SINARPAGINEWS.COM, JAKARTA – Direktorat Jenderal Kekayaan Intelektual (DJKI) Kementerian Hukum dan Hak Asasi Manusia menggelar IP Talks Seri Kesepuluh dengan tema Sistem Paten dan Tata Cara Permohonan Paten pada Senin, 20 Januari 2025, di Kantor DJKI. Webinar ini bertujuan memberikan wawasan mendalam mengenai sistem paten di Indonesia serta tahapan-tahapan yang perlu dilakukan dalam mengajukan permohonan paten.
Paten adalah bentuk perlindungan hukum yang diberikan untuk penemuan atau invensi di bidang teknologi yang menawarkan solusi atas masalah tertentu. Ada dua jenis paten, yakni paten biasa dan paten sederhana.

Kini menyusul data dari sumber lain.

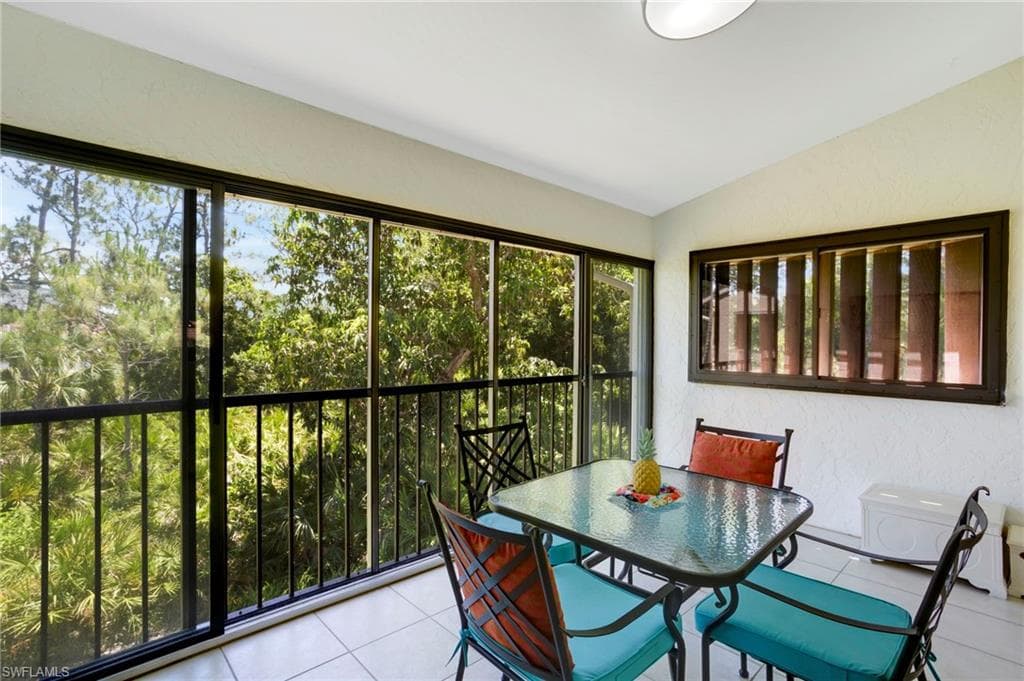 15400 Cedarwood Ln 204, Naples, FL 34110-11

“Paten biasa biasanya memiliki ruang lingkup yang lebih luas dan proses yang lebih panjang, sementara paten sederhana lebih mudah diajukan dan proses persetujuannya lebih cepat. Namun, kedua jenis paten ini memberikan perlindungan hukum yang setara, dengan jangka waktu perlindungannya yang sama,” jelas Sonya Pau Adu, Ketua Tim Kerja Administrasi Permohonan Paten, Desain Tata Letak Sirkuit Terpadu, dan Rahasia Dagang.
Selain itu, sejak 19 Agustus 2019, pengajuan paten dapat dilakukan secara online melalui situs resmi paten.dgip.go.id untuk mempermudah proses administratif bagi pemohon.
“Proses pengajuan paten biasa memerlukan waktu sekitar 54 bulan, sementara paten sederhana hanya memerlukan waktu sekitar 8 bulan. Sebelum mengajukan permohonan, pemohon harus memastikan syarat dan biaya yang diperlukan,” tambah Sonya.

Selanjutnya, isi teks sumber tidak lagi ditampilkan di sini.